▸ BRIEF
Quote the whole listing word for word. Do not include the pictures.

▸ DATA SHOWN
__________________________________________________

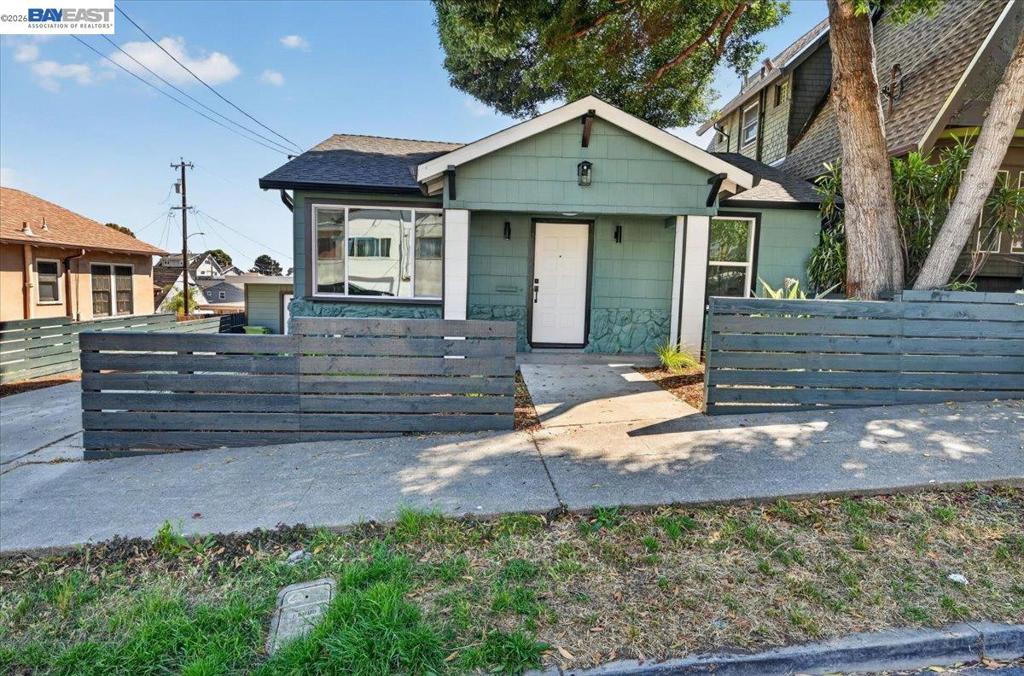 2227 E 27th St Property Photo 2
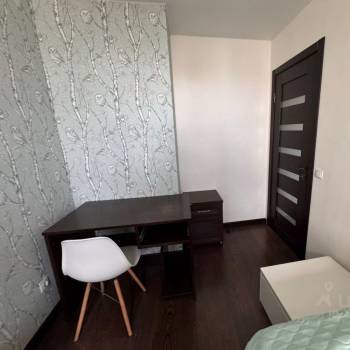 Сдается Многокомнатная квартира, 50 м²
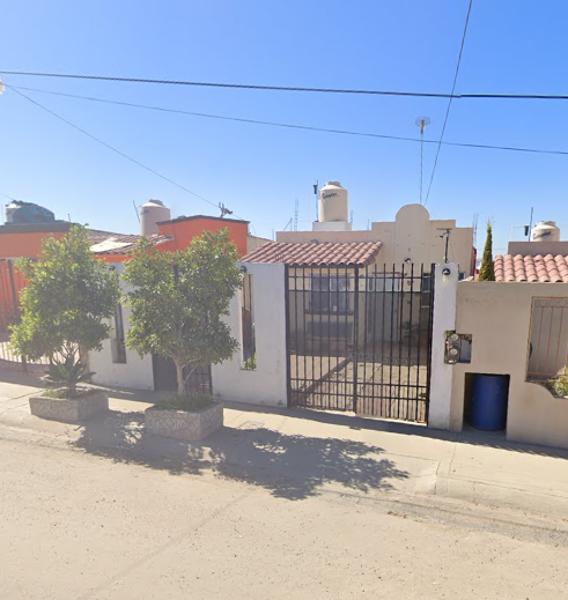 Casa en remate en Colinas del Magisterio, Ensenada, Baja California Casa en remate en Colinas del Magisterio, Ensenada, Baja California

__________________________________________________

▸ EXERCISE RESULT
 2227 E 27th St Property Photo 2
 Сдается Многокомнатная квартира, 50 м²
 Casa en remate en Colinas del Magisterio, Ensenada, Baja California Casa en remate en Colinas del Magisterio, Ensenada, Baja California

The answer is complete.